→ **Recorded information**
[Start of Attachment]
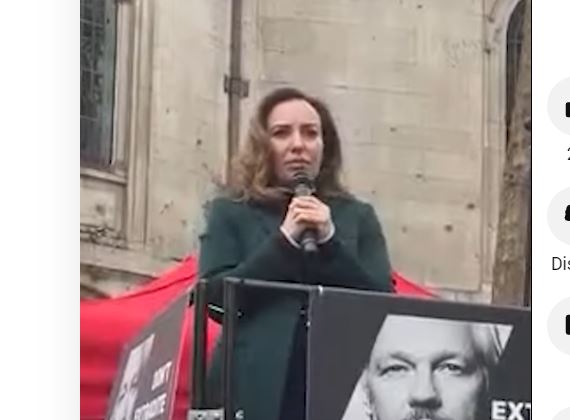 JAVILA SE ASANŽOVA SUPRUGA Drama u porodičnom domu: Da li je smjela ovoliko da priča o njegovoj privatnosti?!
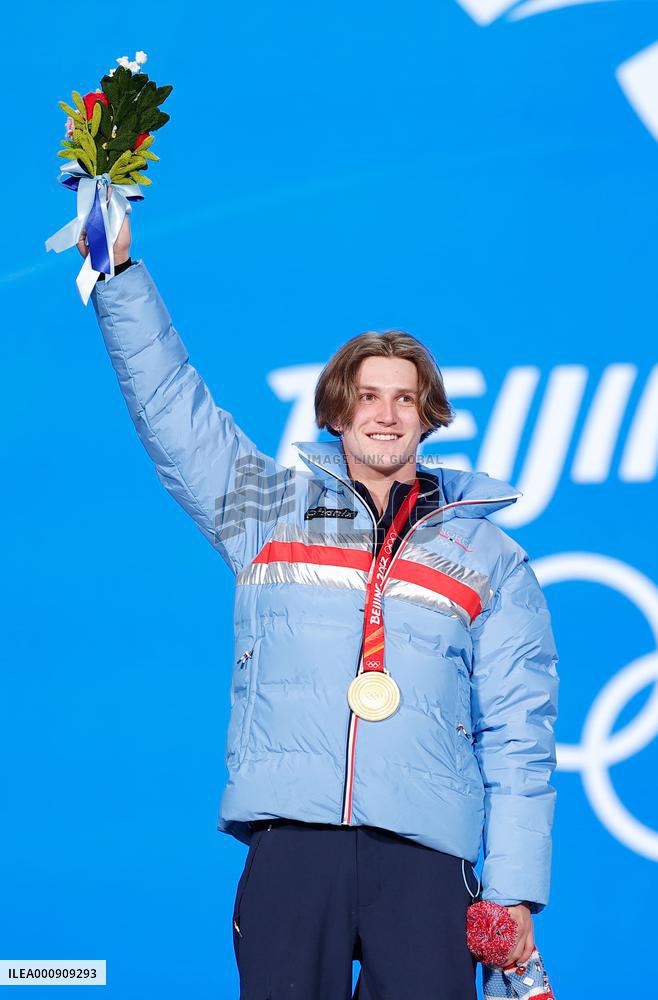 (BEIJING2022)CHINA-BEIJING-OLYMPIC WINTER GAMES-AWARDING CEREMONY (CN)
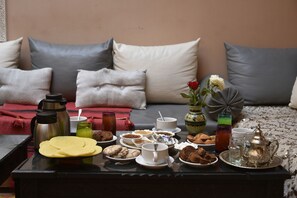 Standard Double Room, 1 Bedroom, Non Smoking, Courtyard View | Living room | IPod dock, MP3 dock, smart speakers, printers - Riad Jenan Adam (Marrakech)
[End of Attachment]
[Start of Attachment]
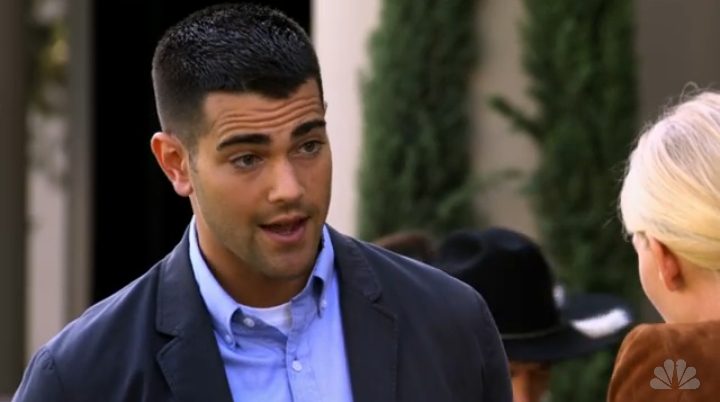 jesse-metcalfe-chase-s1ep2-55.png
[End of Attachment]
→ **The task**
Looking above, find the stretch of lines that opens with the one holding "(BEIJING2022)CHINA-BEIJING-OLYMPIC WINTER GAMES-AWARDING" and closes with the one holding "Standard Double Room, 1". Copy it exactly, pictures excluded.

→ **Written solution**
 (BEIJING2022)CHINA-BEIJING-OLYMPIC WINTER GAMES-AWARDING CEREMONY (CN)
 Standard Double Room, 1 Bedroom, Non Smoking, Courtyard View | Living room | IPod dock, MP3 dock, smart speakers, printers - Riad Jenan Adam (Marrakech)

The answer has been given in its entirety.